19 November 2010

Spiced Pumpkin Cheesecake Recipe

My wife found this recipe while leafing through a magazine and wanted me to make it for a party she was having at her work. Well, I made it and it was a big success, so "The Boss" decided that we would add it to our Thanksgiving menu. This will be one of two desserts we will be making and I think it will be a great addition to the table.

What you need...

  • Ginger Snaps... About 38. When finely chopped, you should end up with about 1-½ cups

  • Pecans... ¼ cup; finely chopped

  • Butter (unsalted, please)... ¼ cup (which is 4 Tbsp), melted

  • Cream Cheese... 4 pkg. (8 oz. each), softened

  • Sugar... 1 cup

  • Pumpkin... 1 can (15 oz.)

  • Pumpkin pie spice... 1 Tbsp.(bulk recipe at end of page)

  • Vanilla... 1 tsp

  • Eggs... 4

  • 9-inch springform pan

  • Large baking pan that your springform pan can fit into

  • Parchment paper

Putting it together...

  • Take your springform pan and grease bottoms and sides

  • Line the bottom and sides with parchment paper

  • Grease parchment paper

  • Finely chop you ginger snaps and place in a bowl

  • Add the pecans and mix well

  • Melt the butter, add to the ginger snaps, mix thoroughly, and place in springform pan

  • Press onto the bottom and about 1-inch up the sides

  • Place pan on some aluminum foil and wrap around the bottom (to prevent leakage from the water bath)

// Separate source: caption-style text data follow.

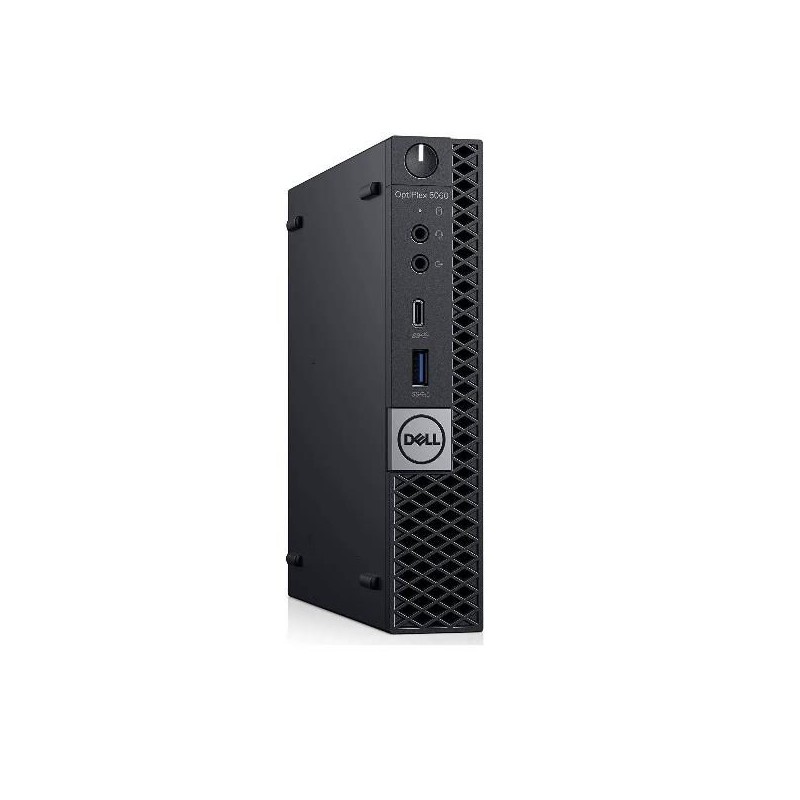 REF DELL 5060 MICRO I7/8/256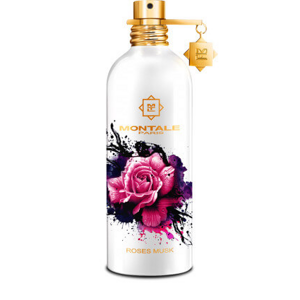 Montale Roses Musk Limited - EDP 100 ml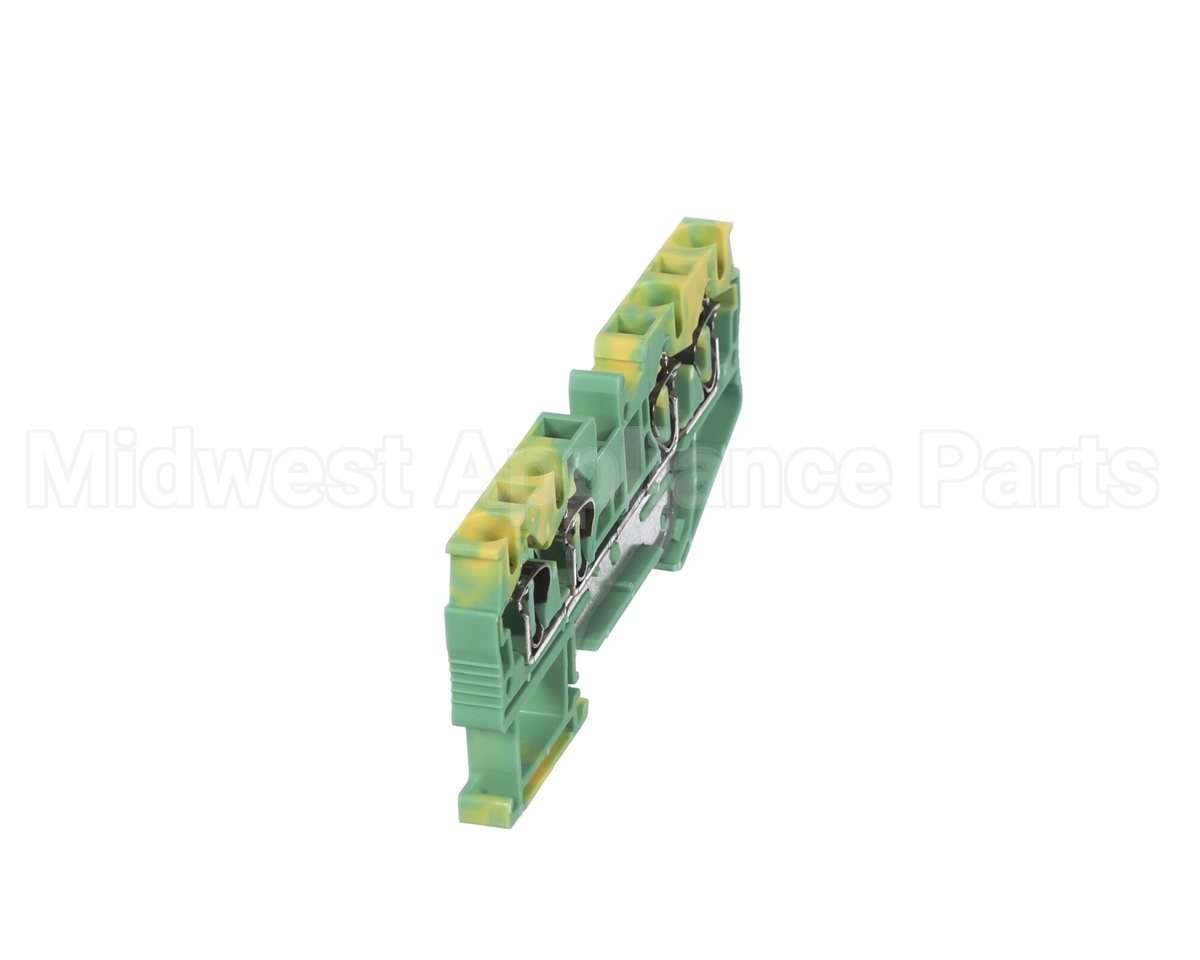 4056390 Convotherm Terminal Quad 4Mm Gnye Convoth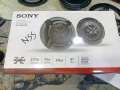Sony 6" (16 cm) 3-Way Speakers Car speaker.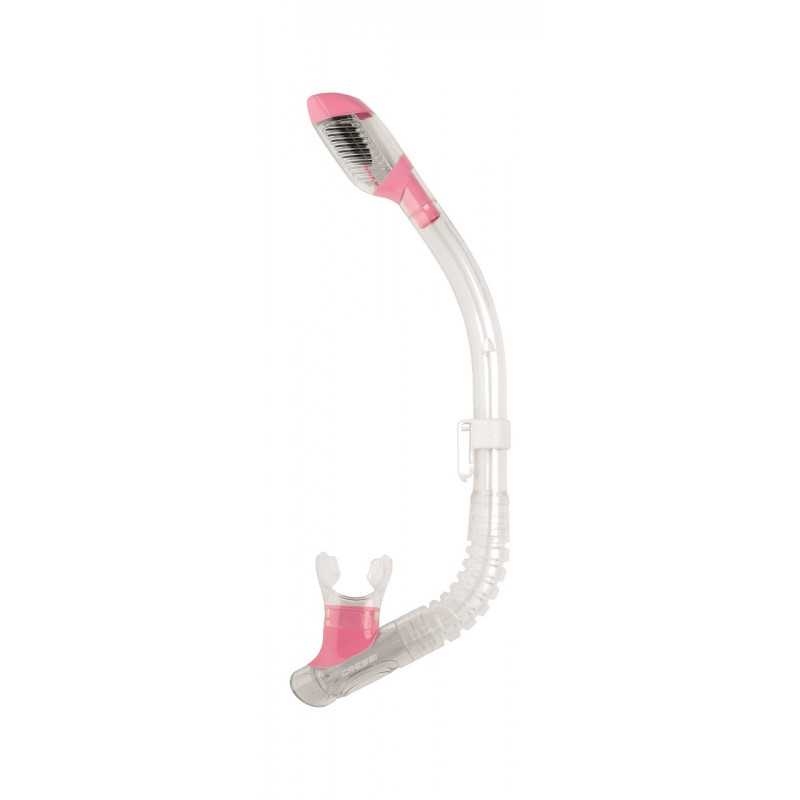 CRESSI SNORKEL TUBE DRY JUNIOR AES 258840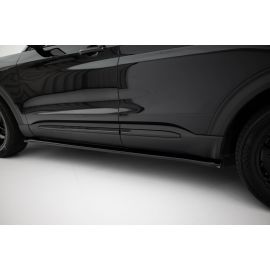 Seitenschweller Diffusor Ford Explorer XLT Mk6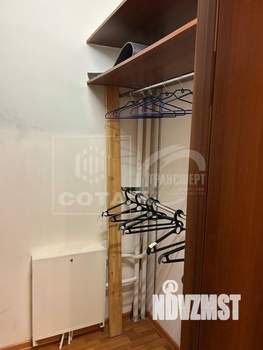 1-к квартира, на длительный срок, 47м2, 10/11 этаж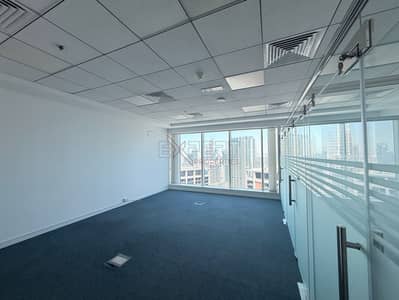 Office para en Alquiler en Business Bay, Dubai - Image 1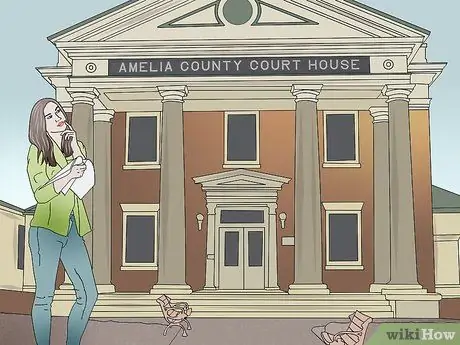 Защита прав на материальную собственность Шаг 10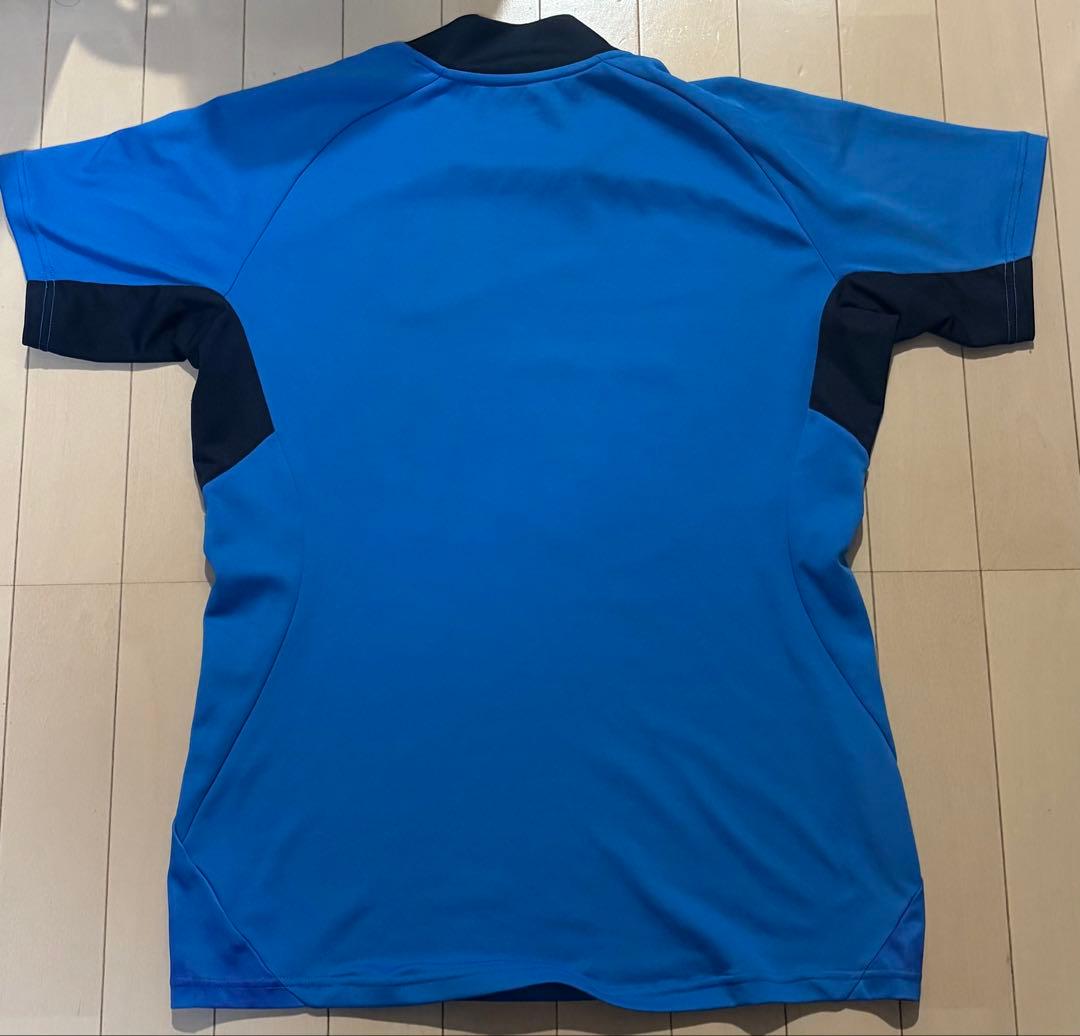 お値下げ可　湘南ベルマーレ トレーニングウェア 支給品　L 半袖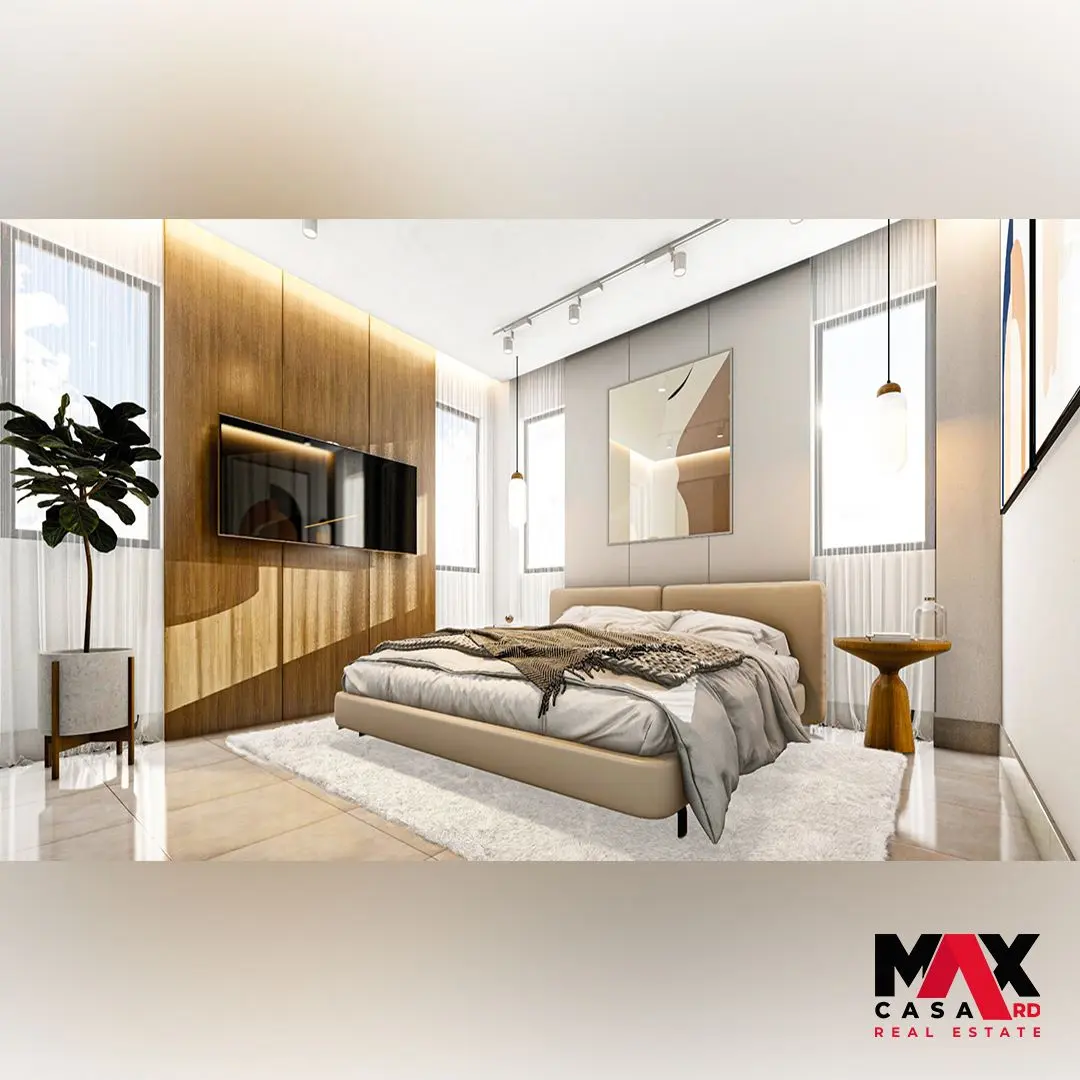 🌊 Sol Arena Tower I | Apartamentos Frente al Mar en Juan Dolio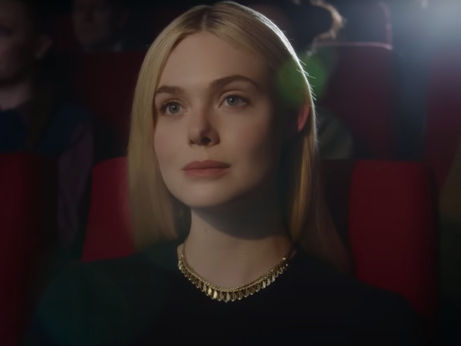 Dopo Cannes, Cartier omaggia il cinema  anni ‘50 con un nuovo spot da sogno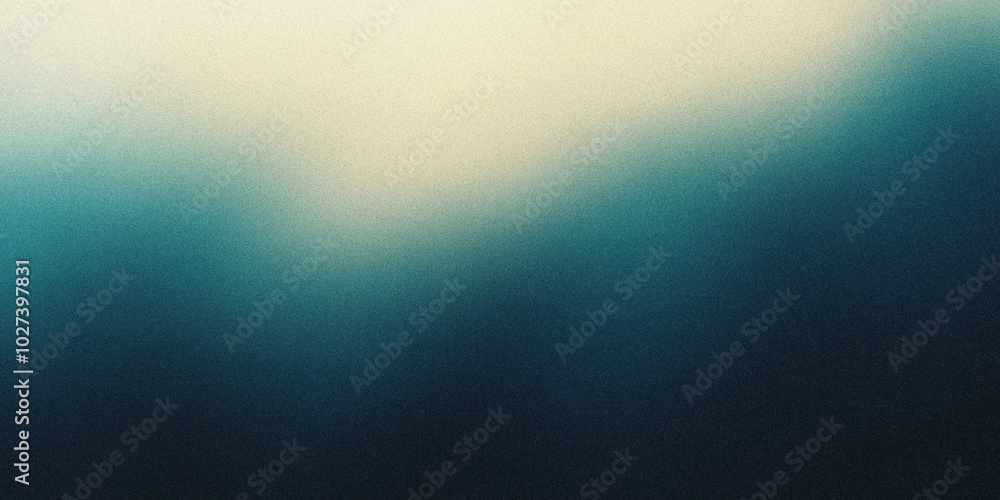 Gradient background with deep teal and muted ivory tones, featuring smooth radial gradients and a light, graceful blur, noise texture effect Gradient background with deep teal and muted ivory tones, featuring smooth radial gradients and a light, graceful blur, noise texture effect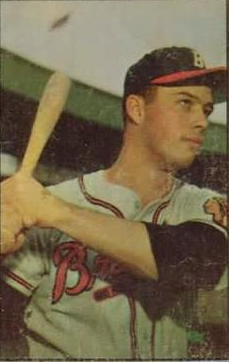 Eddie Mathews - Wikipedia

  • Set in refrigerator while you make the cheesecake

  • Pre-heat oven to 325°

  • In a large bowl, place cream cheese and sugar and beat until well mixed

  • Add pumpkin, pumpkin spice, and vanilla. Mix well

  • Switch mixer to low speed and add the eggs one at a time, mixing after each until just blended

  • Pour into springform pan

  • Place pan in baking dish and place in oven

  • Add about water to the baking dish (this is the water bath which will add moisture and help prevent cracking your masterpiece)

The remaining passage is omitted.